* _Problem description_: Although the data below holds other lines too, output only those from the line with "South Island forecast" up to and including the line with "UPNFM ofrece empleos", exactly as they appear.

* _Input_:
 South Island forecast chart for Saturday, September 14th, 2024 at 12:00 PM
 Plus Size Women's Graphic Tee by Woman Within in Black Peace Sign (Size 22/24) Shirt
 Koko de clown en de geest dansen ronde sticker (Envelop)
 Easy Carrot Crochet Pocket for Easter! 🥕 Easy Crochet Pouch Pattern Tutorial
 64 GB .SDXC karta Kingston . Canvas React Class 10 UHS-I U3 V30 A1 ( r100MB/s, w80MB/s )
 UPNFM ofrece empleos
--
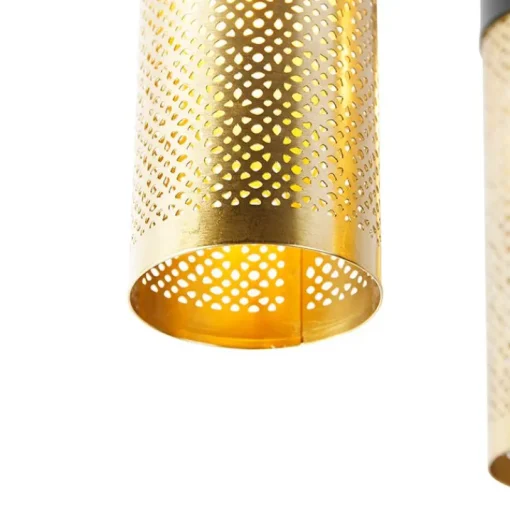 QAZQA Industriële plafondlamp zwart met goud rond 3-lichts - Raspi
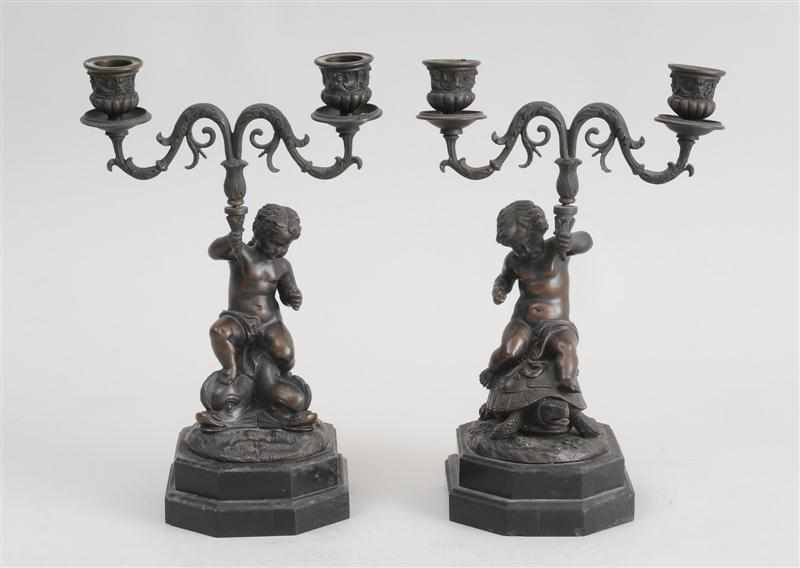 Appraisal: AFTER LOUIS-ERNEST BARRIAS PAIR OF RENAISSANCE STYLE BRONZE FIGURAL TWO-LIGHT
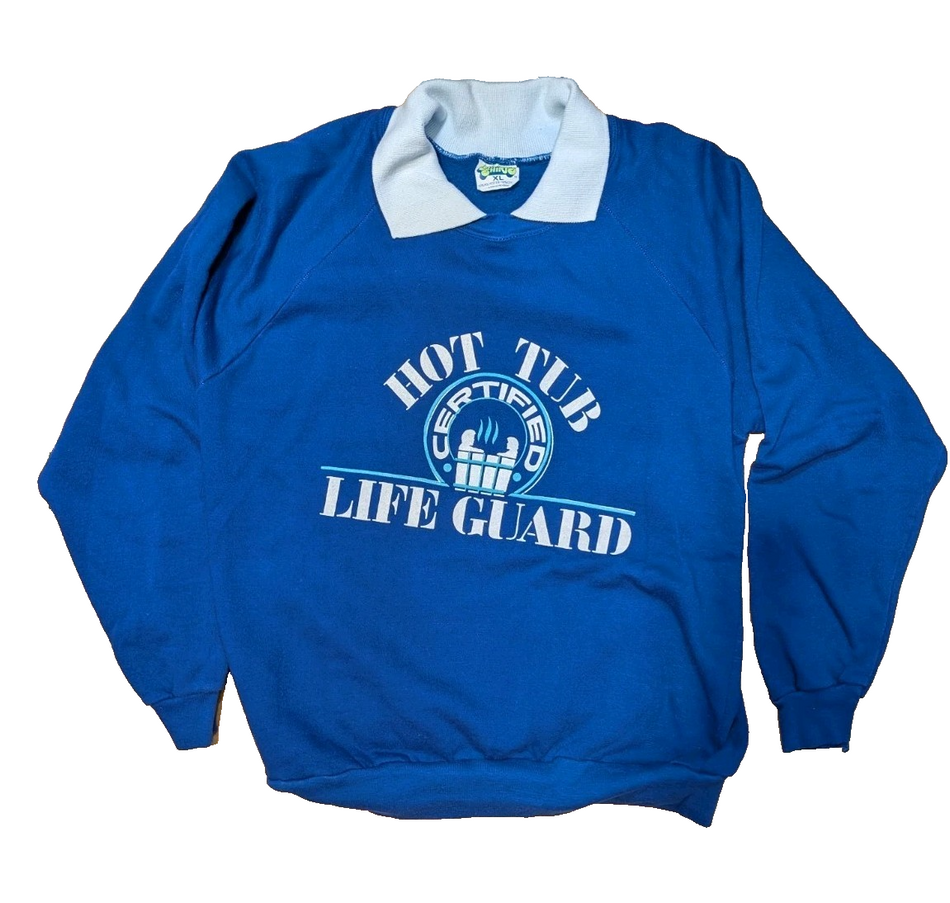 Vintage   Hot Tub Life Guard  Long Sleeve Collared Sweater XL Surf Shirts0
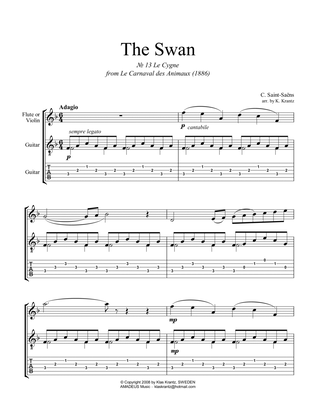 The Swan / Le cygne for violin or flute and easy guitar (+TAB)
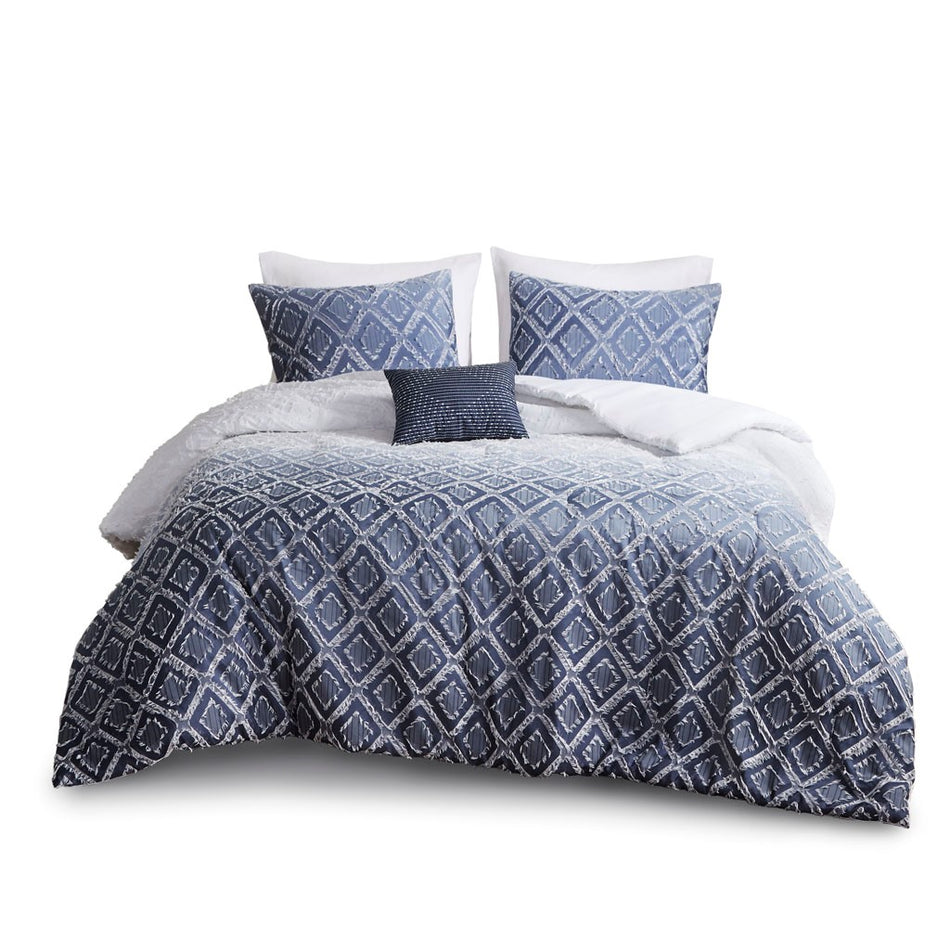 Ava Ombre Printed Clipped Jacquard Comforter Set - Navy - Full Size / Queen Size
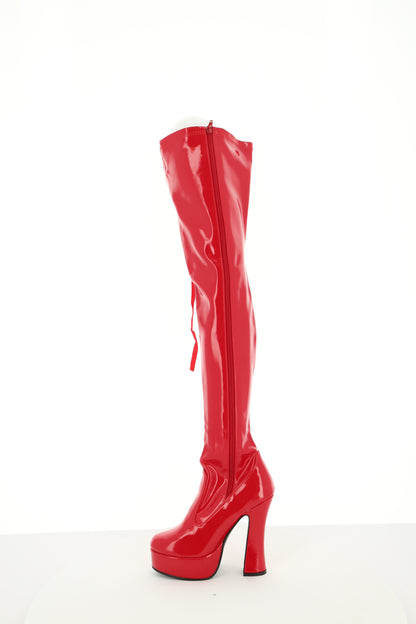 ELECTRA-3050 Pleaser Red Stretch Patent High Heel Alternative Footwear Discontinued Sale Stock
--
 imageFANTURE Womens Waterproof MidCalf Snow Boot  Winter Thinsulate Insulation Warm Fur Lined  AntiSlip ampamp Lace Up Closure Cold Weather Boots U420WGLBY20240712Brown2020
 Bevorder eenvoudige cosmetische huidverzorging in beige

* _Response_:
 South Island forecast chart for Saturday, September 14th, 2024 at 12:00 PM
 Plus Size Women's Graphic Tee by Woman Within in Black Peace Sign (Size 22/24) Shirt
 Koko de clown en de geest dansen ronde sticker (Envelop)
 Easy Carrot Crochet Pocket for Easter! 🥕 Easy Crochet Pouch Pattern Tutorial
 64 GB .SDXC karta Kingston . Canvas React Class 10 UHS-I U3 V30 A1 ( r100MB/s, w80MB/s )
 UPNFM ofrece empleos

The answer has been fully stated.